Anime Reviews

Fruits Basket: Volume Two


Fruits Basket: Volume Two



Fruits Basket, based on the popular manga series by Takaya Natsuki, continues in its second volume released by Funimation, covering episodes seven to twelve.

In the first volume, Tohru Honda met and ended up moving in with the House of Sohma, a wealthy, expansive family of whom twelve members are cursed to transform into the twelve animals of the Zodiac when hugged by a member of the opposite sex. After several hurdles, she finally manages to settle in happily with her newfound friends, and remains eager to learn more about them, the other members of their family, and their strange curse.
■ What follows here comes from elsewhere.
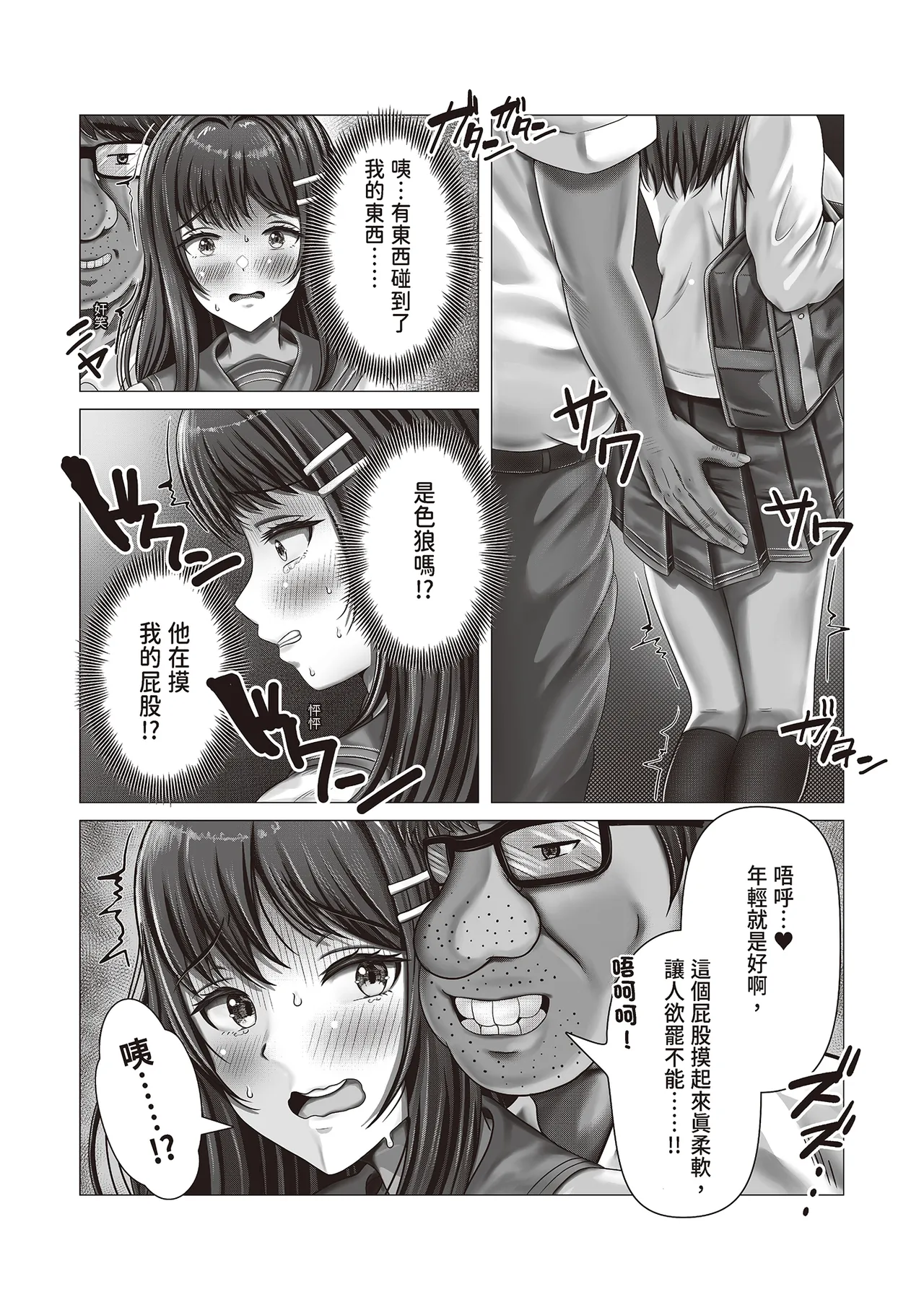 Chikan Oji-san Choukyou Nikki | 癡漢大叔調教日記 page 8 full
While the first six episodes introduced us to Tohru, the Sohmas, and established them as surrogate family, the next volume settles more into demonstrating the gradual but significant impact Tohru’s presence has on the people around her, teaching them the value of kindness and inspiring them to slowly overcome their own flaws and the scars left on their history.

To illustrate this point handily (as the way this ties into the central characters obviously has to be paced throughout an entire season) and to keep things fresh, three more members of the Zodiac are introduced–Momiji, Hatori, and Hatsuharu. All three are in line with the Fruits Basket pattern of not necessarily being anything we haven’t seen before, but still being deeply charming in execution and in their interactions with the other characters. Each of them, though their air time is limited, add interesting layers to the web of the relationships in the series and seem to fit in handily. With Hatori in particular, the audience is treated to several hints as to the nature of Akito, head of the Sohmas, the darker workings of the family, and the possibility of Tohru somehow being the key to finally break free of the curse.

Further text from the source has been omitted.